Все, помню, делалось в длинном зале на втором этаже фабрики. Девочки — школьницы старших классов — набивали эти трубочки, сидя за столами, а сушилку для смеси устроили у единственной входной двери в этот зал. Кончилось все трагедией. Смесь сохла на рамах, обитых полотном, на радиаторах батарей. Режим сушки нарушили, и произошло возгорание. Взрыв был такой силы, что отошли стены. Все девочки-работницы были в бертолетово-сахарной пыли и мгновенно загорелись. Мне рассказывали, что они из этого зала выскакивали все в огне, как факелы. Погибло человек 70.
Я взял образцы смеси и провел в своей лаборатории ее исследование. Оказалось, что при температуре 130 градусов она самовоспламеняется и что именно при этой температуре происходила сушка.
На заводах было полно служб режима, разных уполномоченных, опекунов от НКВД, стукачей, но аварийность от этого меньше не становилась. Крупнейшие аварии были на заводах в Чапаевске, Казани, Перми, Кемерове, Дзержинске, Москве. Только на пороховых производствах за войну произошло 100 аварий, 175 пожаров и 92 взрыва. При этом не только гибли люди, но и надолго выходило из строя важнейшее для армии производство. А с учетом того, что на оккупированных немцами территориях остались все заводы юга Украины, не давали продукции заводы под Ленинградом и в Брянске, положение с выпуском боеприпасов временами становилось катастрофическим.
Чаще всего, и это истинная правда, причинами взрывов и аварий были нарушения технологии производства. До 87% аварий происходило из-за небрежности, неисправного оборудования и ненормальных условий труда. Многие производства создавались наскоро, и на них набирали неподготовленных людей. Текучесть была страшная — до трети списочного состава в год: кого призывали в армию, кто бежал.

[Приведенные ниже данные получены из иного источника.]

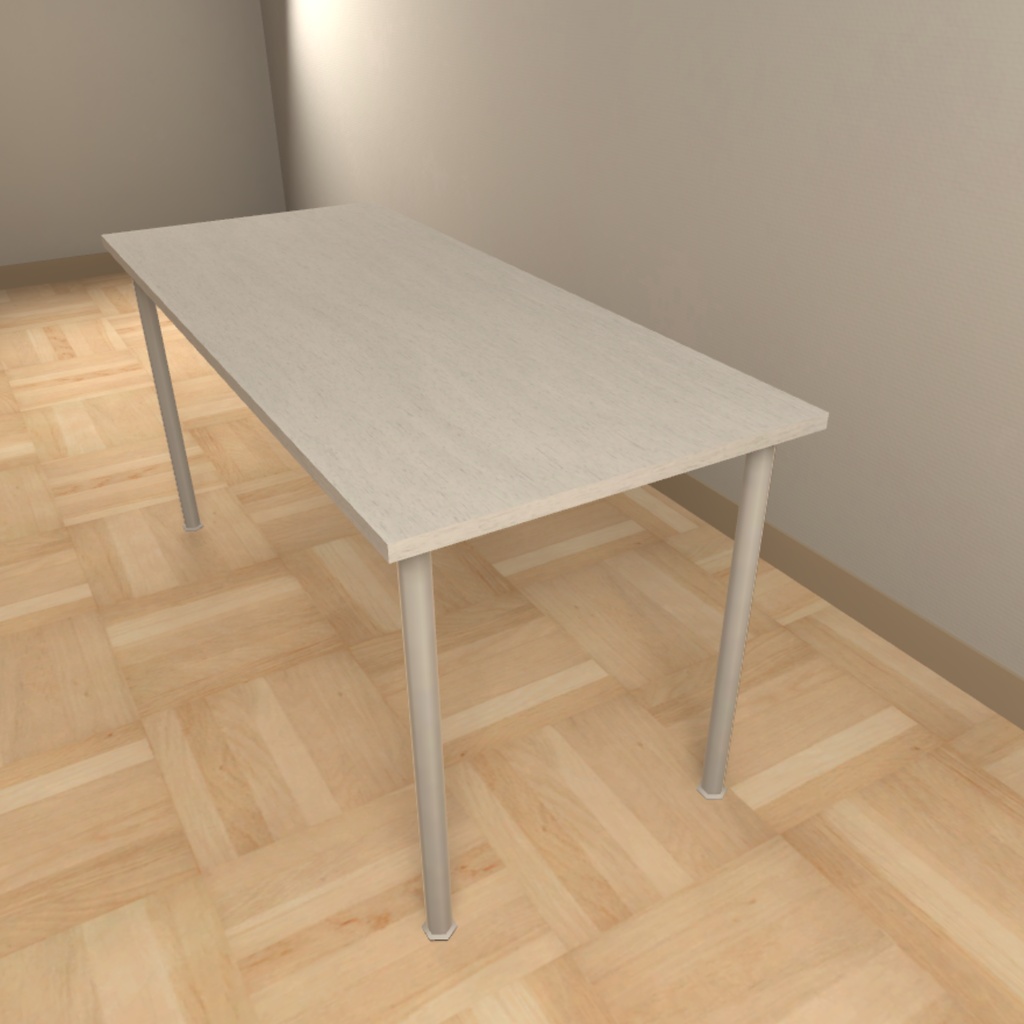 【VRChat向け】ホワイトウッドテーブルB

Работать на наших заводах охотников почти не было. Набирали насильно по деревням женщин — они убегали. Набирали подростков, почти детей, в фабрично-заводские училища, а оттуда отправляли на пороховые и другие производства. Были случаи, когда на заводы приводили колонны военнопленных поляков, сидевших в лагерях с 1939 года. Это тоже не работники. Отлынивали от работы, пытались бежать. А потом все массово ушли в формировавшиеся в СССР польские воинские части. Вот и начали вербовать жителей Средней Азии. В большинстве своем они даже не знали русского языка. Так что понятно, как обстояло дело с техникой безопасности.
Один мой товарищ во время войны говорил мне, что видел, как узбек набивал деревянной колотушкой тол в снаряд, в нарушение всех правил сидя на полу и зажав корпус коленями. Еще хуже было то, что с этими людьми очень скверно обращались. Я их видел в 1943-1944 годах в Челябинске. Их навербовали, привезли, а теплой одеждой не обеспечили. Они ходили по городу, завернутые в какие-то дырявые одеяла, попрошайничали. Мне рассказали, что с ними делали на металлургических заводах. Загружают они уголь, кого-то привалило, надо откапывать, а процесс непрерывный, время подошло — все в печь.